There are many causes of leg pain right from muscle cramps and inflammation of tendons to arthritis, varicose veins and nerve damage. Leg pain due to muscle strain following an injury or wearing tight shoes for a long time can be prevented by following few simple tips:

  1. Stretch the leg muscle: One of the most effective ways to prevent leg pain due to a sudden muscle twist or cramp is to stretch the muscle. This not only improves blood flow to the injured muscle but it also helps in reducing muscle tension thereby relieving muscle soreness.
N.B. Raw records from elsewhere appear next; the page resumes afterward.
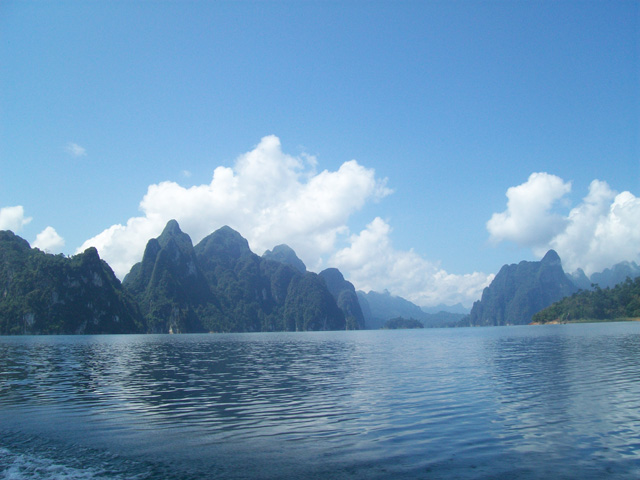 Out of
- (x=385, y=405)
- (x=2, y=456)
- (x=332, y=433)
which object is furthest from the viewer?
(x=385, y=405)

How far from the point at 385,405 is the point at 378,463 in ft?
29.7

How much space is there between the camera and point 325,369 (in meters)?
39.7

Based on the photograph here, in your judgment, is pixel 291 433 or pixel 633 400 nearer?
pixel 291 433

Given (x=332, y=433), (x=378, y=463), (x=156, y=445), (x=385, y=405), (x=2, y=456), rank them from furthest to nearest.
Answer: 1. (x=385, y=405)
2. (x=332, y=433)
3. (x=156, y=445)
4. (x=2, y=456)
5. (x=378, y=463)

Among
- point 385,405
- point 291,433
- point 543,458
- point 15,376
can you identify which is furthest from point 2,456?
point 15,376

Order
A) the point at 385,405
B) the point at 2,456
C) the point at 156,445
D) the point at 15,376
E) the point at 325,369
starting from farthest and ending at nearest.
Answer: the point at 325,369
the point at 15,376
the point at 385,405
the point at 156,445
the point at 2,456

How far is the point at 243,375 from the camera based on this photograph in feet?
116

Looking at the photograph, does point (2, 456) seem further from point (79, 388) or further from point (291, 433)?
point (79, 388)

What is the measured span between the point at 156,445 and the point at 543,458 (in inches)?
493

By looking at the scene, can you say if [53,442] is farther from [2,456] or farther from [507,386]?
[507,386]

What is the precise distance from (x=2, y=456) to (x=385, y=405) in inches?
610

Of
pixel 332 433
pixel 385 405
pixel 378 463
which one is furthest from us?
pixel 385 405

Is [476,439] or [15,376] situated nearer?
[476,439]

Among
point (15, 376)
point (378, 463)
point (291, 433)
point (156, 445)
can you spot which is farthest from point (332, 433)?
point (15, 376)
  2. Take a warm shower: If you suffer from leg pain, then take a warm shower to relax the muscles. If taking a bath is not feasible, then placing a heating pad on the affected areas can also help. A heat pack works best if the pain is due to a previous injury as it not only relaxes blood vessels but also improves blood circulation, alleviating leg pain.
  3. Wear a proper fitting athletic shoe: Most people fail to choose the right fitting shoe, which is one of the common causes of leg and heel pain. To get the right fit, determine the shape of your foot using the ‘wet test’. For this, step out of the shower onto a surface that will show your footprint, like a brown paper bag. If you have a flat foot, you will see an impression of your whole foot on the paper. If you have a high arch, you will only see the ball and heel of your foot. When shopping, look for athletic shoes that match your particular foot pattern.
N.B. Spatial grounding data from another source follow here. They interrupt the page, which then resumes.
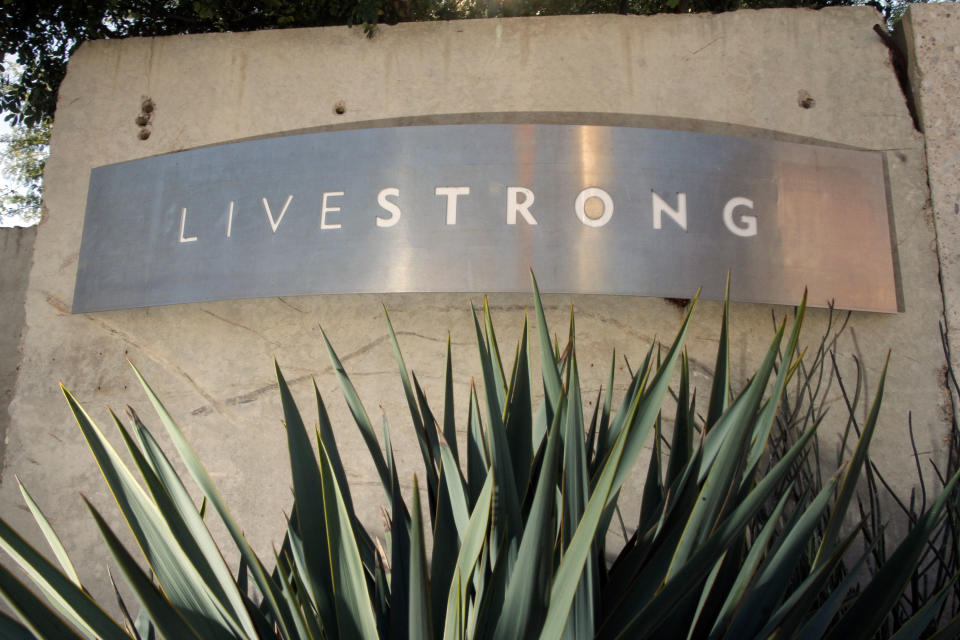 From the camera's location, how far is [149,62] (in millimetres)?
2574

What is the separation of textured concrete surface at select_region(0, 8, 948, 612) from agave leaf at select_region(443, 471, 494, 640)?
1.19 m

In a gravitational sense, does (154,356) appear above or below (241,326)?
below

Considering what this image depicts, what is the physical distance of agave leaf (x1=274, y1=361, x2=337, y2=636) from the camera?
3.44ft

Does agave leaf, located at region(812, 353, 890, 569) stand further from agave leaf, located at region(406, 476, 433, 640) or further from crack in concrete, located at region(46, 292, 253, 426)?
crack in concrete, located at region(46, 292, 253, 426)

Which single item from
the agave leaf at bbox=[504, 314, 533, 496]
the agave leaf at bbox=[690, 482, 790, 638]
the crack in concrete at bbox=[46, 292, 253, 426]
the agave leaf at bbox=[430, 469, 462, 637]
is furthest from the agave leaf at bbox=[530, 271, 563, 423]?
the crack in concrete at bbox=[46, 292, 253, 426]

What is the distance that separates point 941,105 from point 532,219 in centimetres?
127

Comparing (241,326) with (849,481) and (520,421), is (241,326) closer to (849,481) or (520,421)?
(520,421)

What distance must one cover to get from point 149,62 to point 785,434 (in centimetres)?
230

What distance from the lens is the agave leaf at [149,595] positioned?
851 mm

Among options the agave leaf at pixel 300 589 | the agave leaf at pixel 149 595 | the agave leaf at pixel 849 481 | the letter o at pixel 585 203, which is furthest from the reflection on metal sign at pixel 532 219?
the agave leaf at pixel 149 595

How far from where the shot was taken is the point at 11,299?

  4. Choose the right sports shoe: Not many people are aware that different types of shoes are specially designed to meet your sports requirement. Did you know running long distances in court-style sneakers can contribute to shin splints? It is important to choose the shoes according to your sport or fitness routine.
  5. Go slow if you are a beginner at the gym: One of the common mistakes that most people commit is to overexert on the first day of the gym, which not only exerts pressure on the knee but also causes muscle soreness and leg pain. The key to preventing leg pain and sticking to your workout routine is to build your fitness level slowly. You can start off with less strenuous workouts and then gradually increase the duration, intensity, and frequency of your exercise regimen.

For any foot problems, contact The Podiatrist.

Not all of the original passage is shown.